We examine how colonial powers portrayed themselves and the people they ruled, and how violence was justified and aestheticised.
Film: Apocalypse Now — Francis Ford Coppola
Readings: Thomas Pakenham, Joseph Conrad, Rudyard Kipling
(THIS SESSION, FEBRUARY 2026) Week 3 — Decolonisation, Resistance & Revolutionary Imagery
How does art contribute to anti-colonial struggle?
This session explores guerrilla movements, ethics of resistance, and the role of cinema in shaping revolutionary identity.
Film: The Battle of Algiers — Gillo Pontecorvo
Readings: Mahmoud Darwish, Frantz Fanon
Week 4 — Fascism, Nazism & Art as Propaganda
A deep look into how totalitarian regimes crafted their visual language to control society.
We discuss spectacle, mass choreography, myth-making, and the aesthetics of power.
Film: Triumph of the Will — Leni Riefenstahl
Materials: Nazi visual archives, Toby Clark’s Art of Propaganda, Bertolt Brecht
Week 5 — Palestine, Oppression & Comparative Frameworks
An analytical (not equivalential) discussion connecting structures of occupation, surveillance, and resistance across different historical moments.
We explore how contemporary Palestinian cinema expresses struggle and hope.

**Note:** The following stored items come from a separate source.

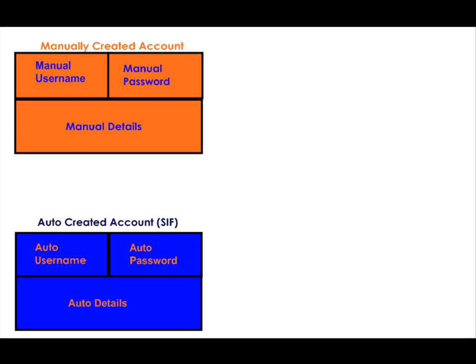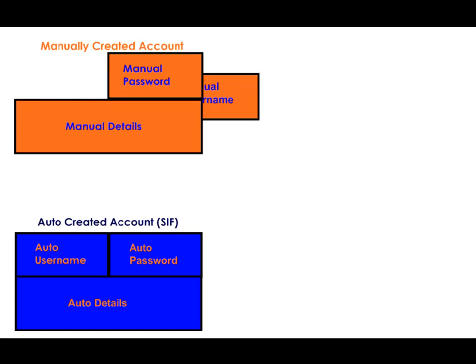Imagine this is a user who already has a manually created account and also has an account automatically created through the CIF process.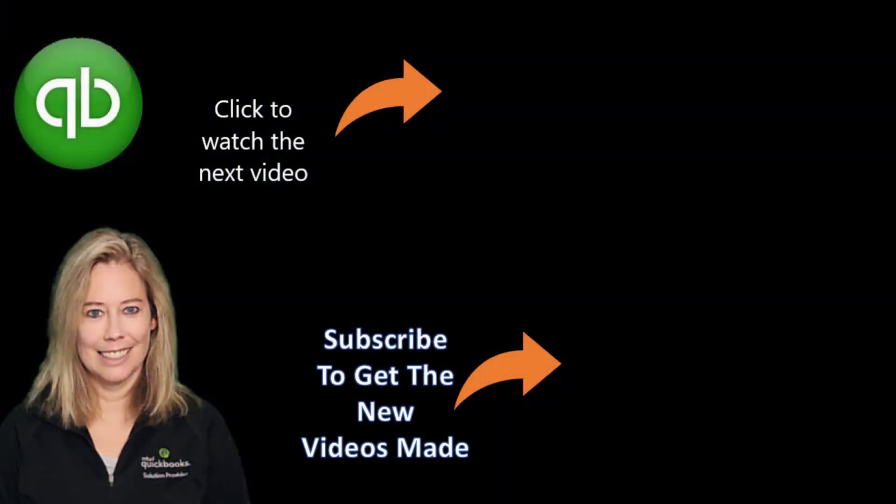That's the end of our tutorial on bill workflow approvals. Please watch our next tutorial on Intuit QuickBooks desktop new 2022 vendor bill pay feature. Thank you so much for watching.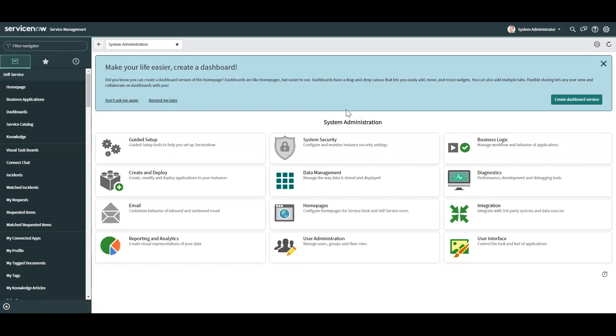My name is Omari Warren with Glidefast Consulting and today we're going to go over inbound actions a little. Why would you want to use inbound email actions?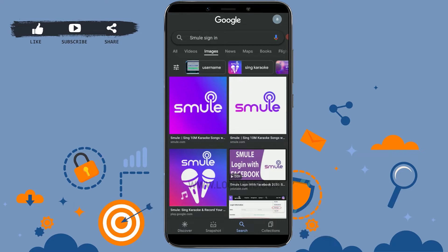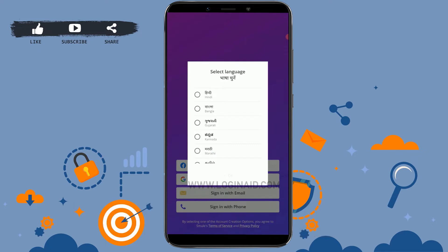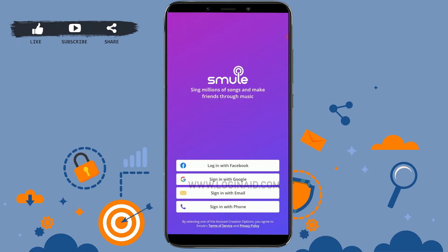To begin the process, open the Small app on your mobile device and tap to open the app. Once you open the app, you will be asked to choose the language of your choice — tap on OK.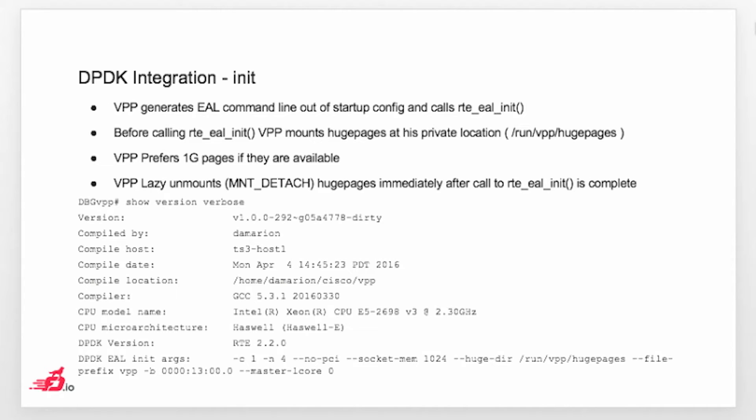Basically we change the behavior in the way that we are trying to mount our personal mount point in VPP. We are basically mounting huge pages as a separate mount point. It's /dev/run/vpp/hugepages.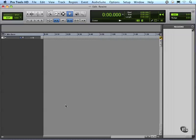ReWire. Let's work with ReWire. We're going to rewire Pro Tools to Reason. Keep in mind that when you run ReWire, you want to open up Pro Tools first and then open up Reason. So Pro Tools would be the master application, Reason would be the slave application.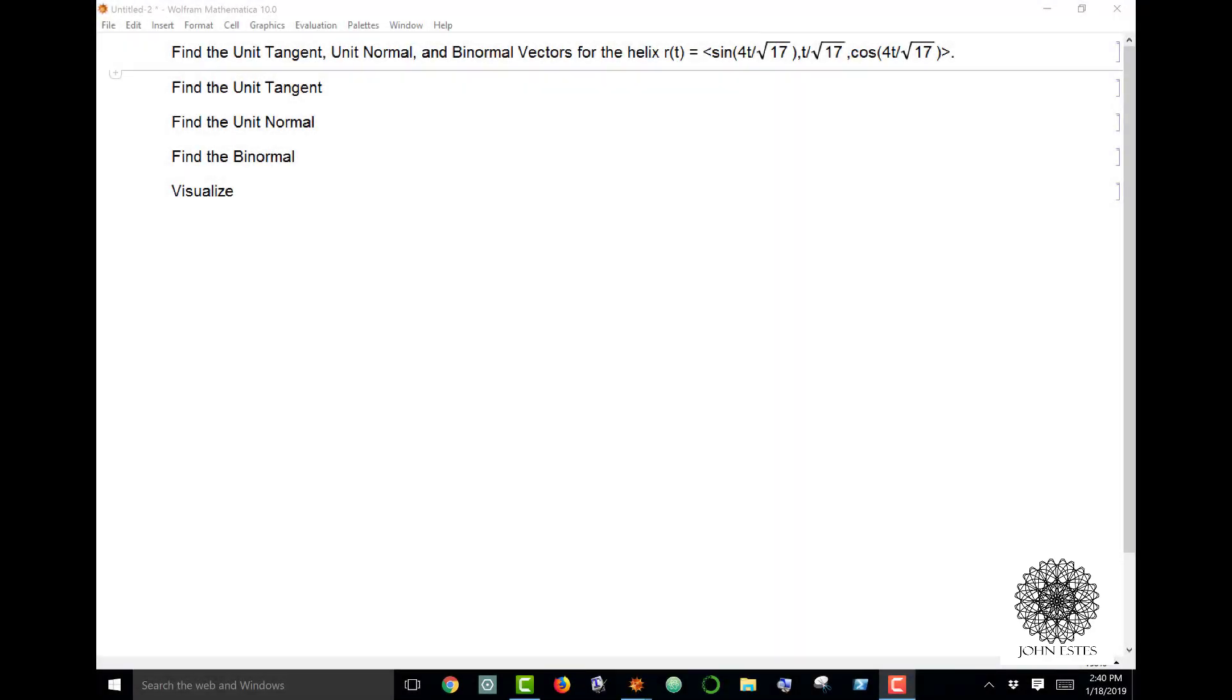I want to show how to visualize the tangent normal frame in Mathematica. The tangent normal frame takes the unit tangent, the unit normal, and the binormal vectors, which are all mutually orthogonal, and basically creates an axis system that runs along your space curve.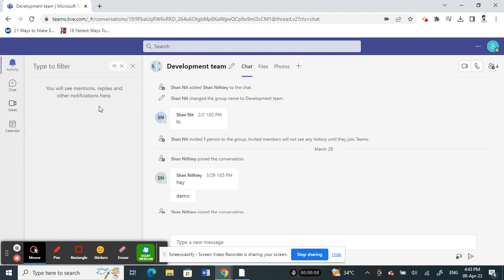That's how you can find the unread messages and chats. Hope this video is helpful to you guys. I'll see you guys in another video. Thank you.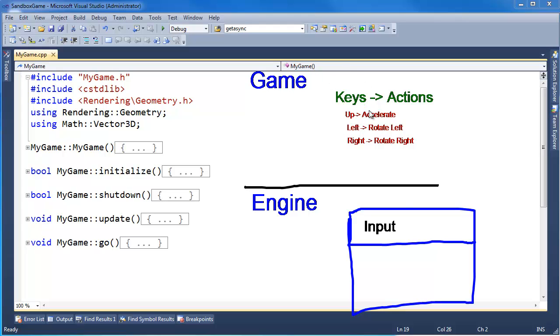So then at that point, something in the game needs to know that up maps to accelerate and left to rotate left, right to rotate right. But after that, all we're worried about is: accelerate, rotate left, rotate right, accelerate and rotate left. We can kind of forget about which buttons they need to push. We're just worried about the actions.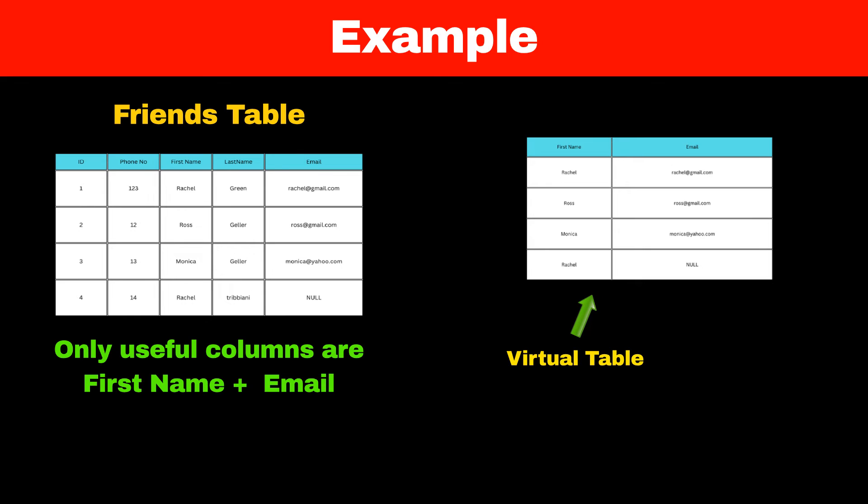So the only way to simplify this data is to create a virtual table or view that will have only 2 columns, i.e. first name and email. This virtual table is one way of viewing only 2 columns from our table, and that's why this special virtual table is called a view.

Film: Omar — Hany Abu-Assad
Readings: Mahmoud Darwish
Why Join This Series?
- Open to all backgrounds—no prior knowledge required
- Learn to “read” films, images, and historical narratives critically
- Engage in guided discussions in a supportive environment
- Connect global histories with contemporary issues
- Gain interdisciplinary perspectives from art history, politics, and cultural studies
About the Organiser
Turken Foundation UK
Established in 2015, TURKEN Foundation UK is a broad and diverse body that aims to serve students in further and higher education across the UK. It is a non-governmental, non-profit organisation that aims to help newcomer students adapt to British culture, lifestyle, the city itself and the institutions. It prepares a conducive environment for students to thrive and makes their studies more effective. It improves students' lives in an ever-changing, complex global society and fulfils their needs for housing, transportation, communication and all other requirements related to their education. In September 2019, Turken Foundation UK moved a new office, which will be a central meeting point for newcomers and current university students in London.